Under the Settlement Agreement with CAPP that the FERC approved in 1996 and reconfirmed in 1998, Lakehead implemented a transportation rate surcharge related to SEP II. This surcharge, which is added to the base transportation rates, is a cost-of-service based calculation that is trued-up annually (usually in April) for actual costs and throughput from the previous calendar year and is not subject to indexing. The initial term of the SEP II portion of the Settlement Agreement was for 15 years, beginning in 1999 and expiring December 31, 2013.

Terrace Surcharge

Under the 1998 Settlement Agreement, the Lakehead system implemented a transportation rate surcharge for the Terrace expansion program which is referred to as the Terrace Surcharge, of approximately $0.013 per barrel for light crude oil from the Canadian border to Chicago and will remain at this level through 2013, when the Terrace Surcharge ends. In addition to the Terrace Surcharge, included in the tariff agreement are the Terrace Schedule B and C adjustments. The Schedule B adjustment to the Terrace Surcharge is required if the change in current multi-pipeline cost of equity plus or minus 200 basis points exceeds the 1998 multi-pipeline rate of return. In 2011, since the current multi-pipeline rate of return plus or minus 200 basis points exceeded the 1998 multi-pipeline rate of return, an immaterial adjustment to the Terrace Surcharge was made. The Schedule C adjustment to the Terrace Surcharge is required when Terrace Phase III facilities are in service and the annual actual average pumping exiting Clearbrook is less than 225,000 cubic meters, or m3, per day. However, in the 2011 Filing, the actual annual average pumping for 2010 was above the volume threshold and as a result, no adjustment to the Terrace Surcharge was made. As a result there was no change to the rate in the 2011 Terrace Surcharge relative to the 2010 surcharge from the International Boundary, near Neche, to Griffith, Indiana.

Facilities Surcharge

In June 2004, the FERC approved an Offer of Settlement in Docket No. OR04-2-000 between the Lakehead system and CAPP, for a facilities surcharge to be implemented separately from and incrementally to the then-existing surcharges in its tariff rates, which we refer to as the Facilities Surcharge. Enbridge Energy, Limited Partnership, 107 FERC ¶ 61,336 (2004).

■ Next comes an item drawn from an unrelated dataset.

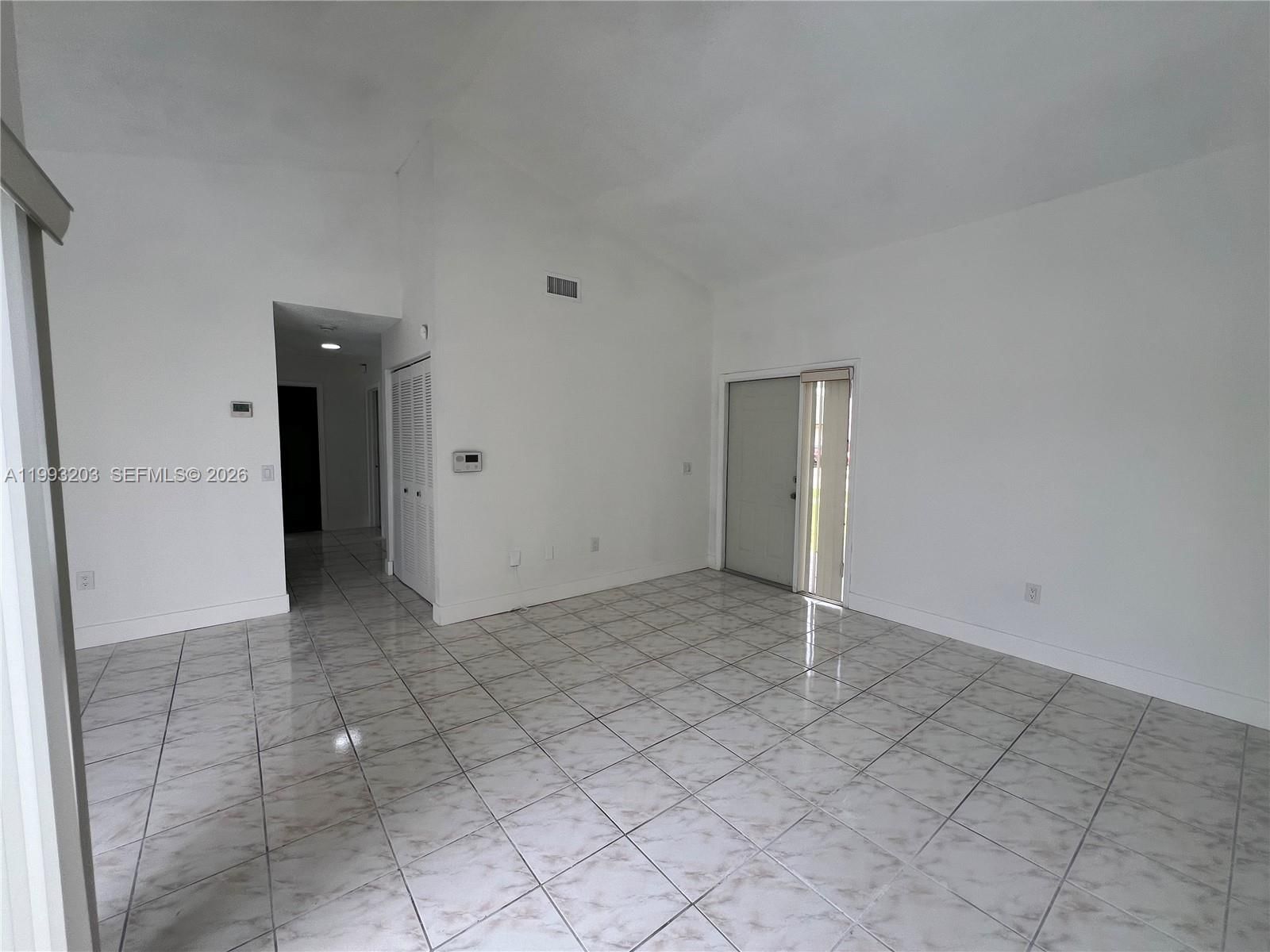 Real estate property located at 20845 122nd Ct, Miami-dade, Oak Park Sec 5, Miami, FL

The Facilities Surcharge was intended to be utilized to include additional projects negotiated and agreed upon between the Lakehead system and CAPP as a transparent, cost-of-service based tariff mechanism. This allows the Lakehead system to recover the costs associated with particular shipper-requested projects through an incremental surcharge layered on top of the existing base rates and other FERC approved surcharges already in effect. The Facilities Surcharge Mechanism, or FSM, Settlement requires the Lakehead system to adjust the Facilities Surcharge annually to reflect the latest estimates for the upcoming year and to true-up the difference between estimates and actual cost and throughput data in the prior year.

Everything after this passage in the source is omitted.